Miss D, My Chickering Baby Grand & Fuji FP-100C
At my age of 74 (it seems I begin many of my essays in this way) and as an obsolete, redundant and retired magazine photographer I keep thinking that my interest in the photography of the female undraped woman should be curtailed. I should settle down to read, listen to music, take care of my wife and cat and plan trips to places we have not seen.
And then my friend Curtis Daily from Portland, who plays the baroque stand up bass comes for a visit and I suggest we find a model and take photographs together and perhaps exchange some knowledge on the matter.

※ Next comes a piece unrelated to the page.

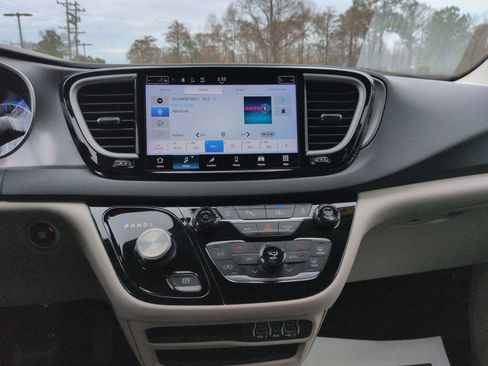 Used 2023 Chrysler Pacifica Touring-L image 12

We photographed this past Wednesday, February 22, 2017 Miss D who was an enthusiastic subject. I still have a few boxes of Fuji FP-100C Instant Colour film that fits my Mamiya Rb-67 Pro-SD. This film is sadly discontinued although Daily has told me that Fuji plans to make it available again by manufacturing batches of it.

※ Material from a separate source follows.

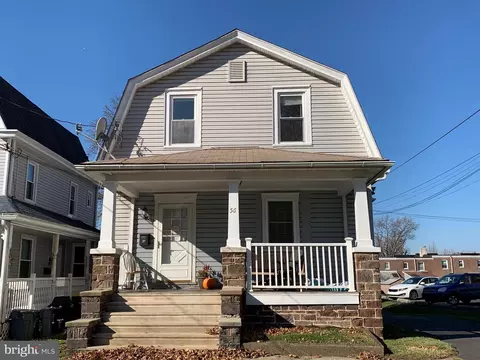 56 Church St, Willow Grove, PA 19090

The wonders of this film is that it produces a very nice print but also a peel negative. This negative can then be used in various ways:
1. I scan the peel as soon as I dislodge it from its print because the image fades quickly. You can see the result here before I reverse it in Photoshop.
2. In a method that Daily and I have now perfected by sharing knowledge I strip the black backing of the negative with bleach and then with careful washing a soaking I have an unconventional negative-like, but not quite negative.
3. I then scan the “negative in three ways:
A. I tell my scanner it’s colour negative.
B. I tell my scanner is it a positive.
C I tell my scanner it is a b+w negative.
What you see here are those three different versions plus a scan of the print.
The excitement that this picture has generated for me perhaps urges me to keep taking photographs while I can still see and have the energy to press the shutter.
You will note that Miss D has a lovely body. I photographed her by our Chickering baby grand piano. I believe I might has Miss D pose for me again.